Just a short post to say that I saw the musical 'Avenue Q' on Saturday, and thought it was superb. It hit a note with me, as I'm still smarting about how the 'real world' doesn't really live up to my expectations (and how I 'wish I could go back to college'!). I'd recommend it to anyone who doesn't get offended by rude language and muppet sex.

Friday, August 11, 2006

The Creation of my Novel

Ok, I got the idea for my novel after hearing about some elderly ladies’ magazine’s short story competition, where they wanted people to submit historical stories and were offering £1000 as prize money. Well, a grand is a grand, so I set about racking my brains for a historical setting for my story. I decided upon the early 1900s, as I had written my A-Level History coursework on the economic and social position of women at the turn of the twentieth century (many moons ago) and felt like I remembered enough about the period. Then I started researching suffragettes and suffragists and somewhere I read that when World War One broke out, the suffragette movement was sort of put on hold. I then started thinking about what did these women do during the war? Did they lose that political zeal? Were they resentful or patriotic, and so forth. So I decided to write about a young suffragette and her role during the war. I’ve discovered that there isn’t much written about the Great War from the ordinary woman back home’s point of view, so it’ll be breaking some rarely trodden ground. Anyhow, I fell sick with the flu (in the middle of July, ridiculous I know!) and the short story never got sent to the women’s magazine. But my novel was born.

I have decided to focus the story on two sisters, Esther and Katy Fletcher (though ‘Katy’ might become ‘Emily’, I’ve not decided yet), who during the war get jobs at a munitions factory in Leeds. Esther, the elder sister, was a suffragette before the war, though not a ‘famous’ one (I’m trying to decide what social class the family are, so if she is working class, she wouldn’t really be in a position to speak at meetings or take part in and organise campaigns, like the Pankhursts), and is enjoying the freedom that has opened up to her now that most of the men are away fighting. Katy/Emily is the younger sister, who idolises her sister and follows wherever she goes, but as she grows up, she begins to find her own identity. There is a reclusive young ex-soldier, Stephen, who lives with his elderly aunt near to the Fletchers and who befriends Katy/Emily. At the moment, his story is that he was wounded in an accident during training, so never got to France, and was so embarrassed and ashamed that he has basically locked himself away.

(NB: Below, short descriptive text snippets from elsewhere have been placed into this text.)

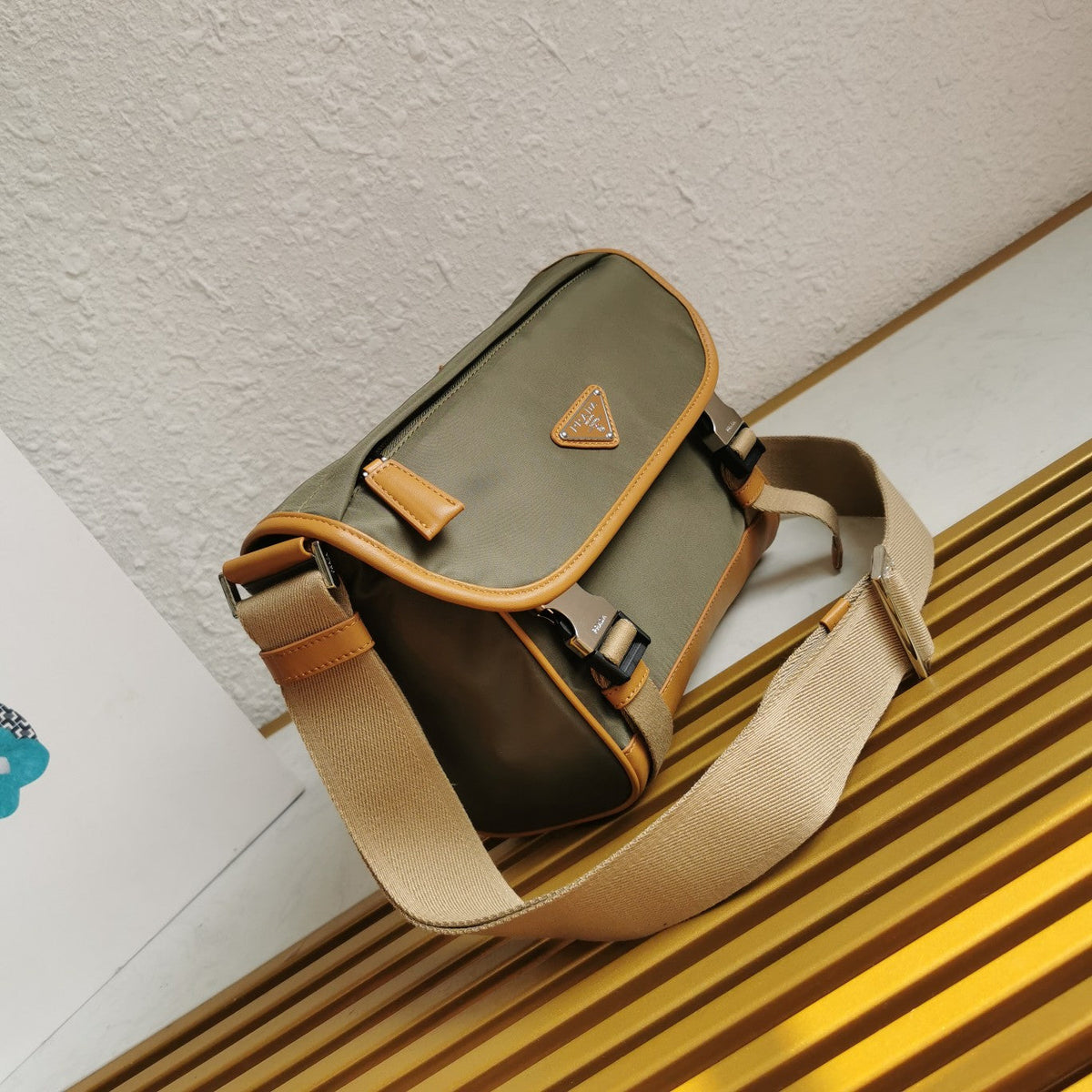 PRADA MESSENGER BAG 20 IN KHAKI GREEN RE-NYLON AND BROWN CALFSKIN TRIM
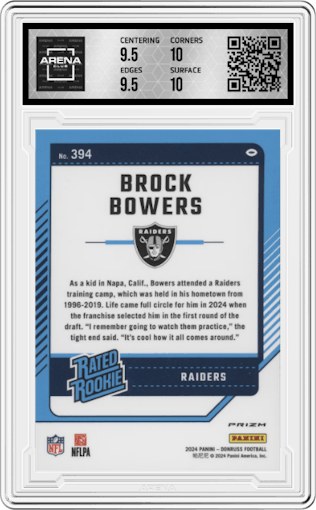 Brock Bowers from the 2024 Donruss set featuring a Pink parallel graded by Arena Club and given an overall grade of 10.
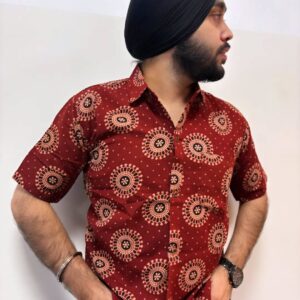 Statement Ajrakh Mandala Shirt – Red Premium Edition. Royal Red Mandala. Bold handcrafted print built for uniqueness.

So right now, I am researching the suffragette movement and also women’s roles at home during World War One. If anyone knows any good books/websites, please let me know!!

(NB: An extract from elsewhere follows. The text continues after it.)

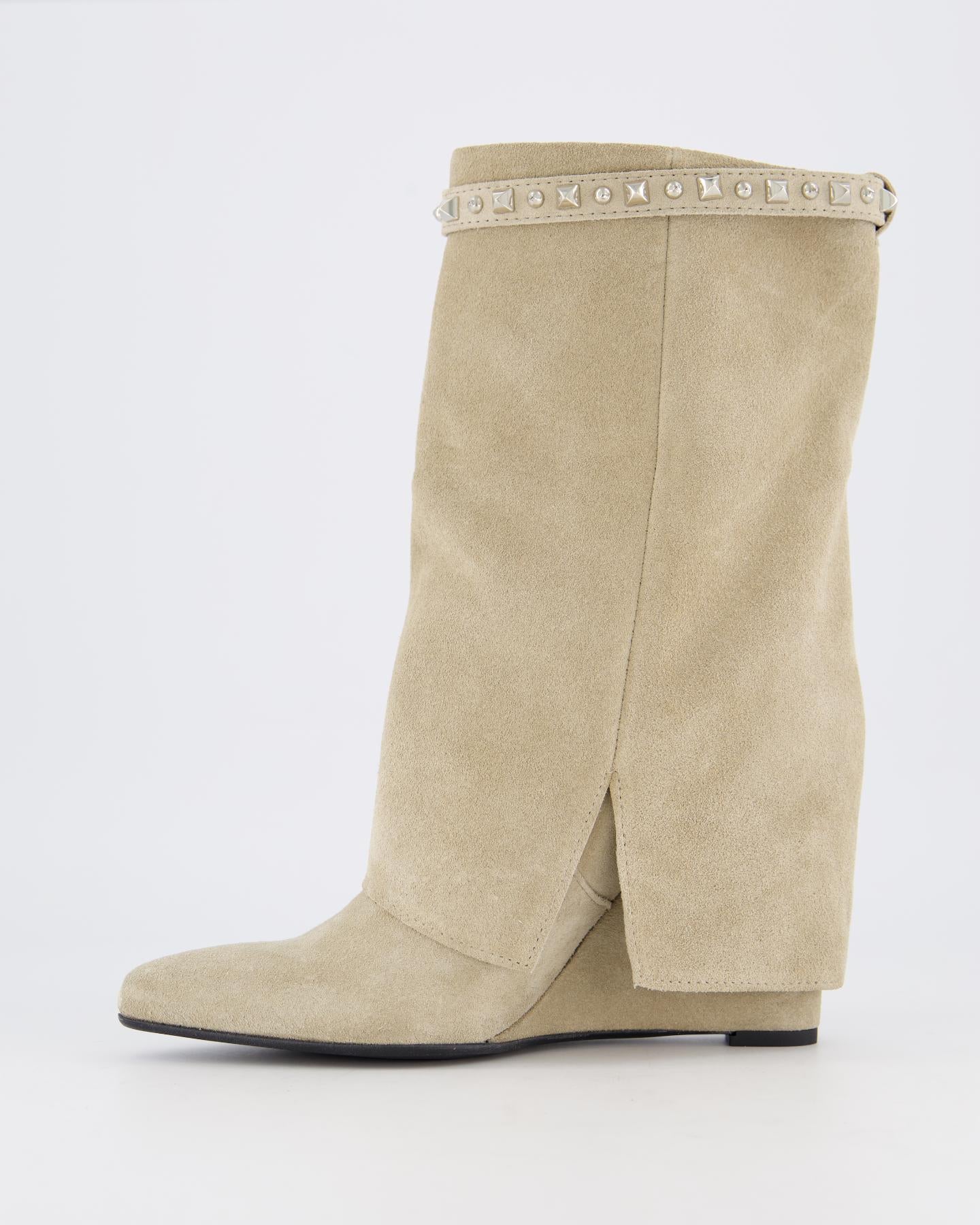 Dames Studded Suede Wedge Boot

The picture above is a picture of women munitions workers in 1915. I got it from a website (I think it was one about the history of Leeds), so hope I’m not breaching copyright!

Lucy :-)

First Post

Right, let's get this blog on the road. My friend Sabrina is well into writing her blog, and so I thought I'd give it a go too. I'm a bit of a technophobe, so this is all a bit scary, but I'm going to take it slowly and see what happens.

Right, I'm currently working on a couple of stage plays and a novel, though I keep procrastinating and really need to focus. I'm going to hopefully use this blog to keep track of my ideas and 'chart my development', though I'm sure I'll end up just posting random rants on here too.

Sorry this first post is a bit boring. Will come back when I have something more interesting to say. Hopefully this blog will mark a 'new dawn' in terms of my writing development (sorry, know that sounds corny, but wanted to justify including this lovely picture I found on my hard drive!!)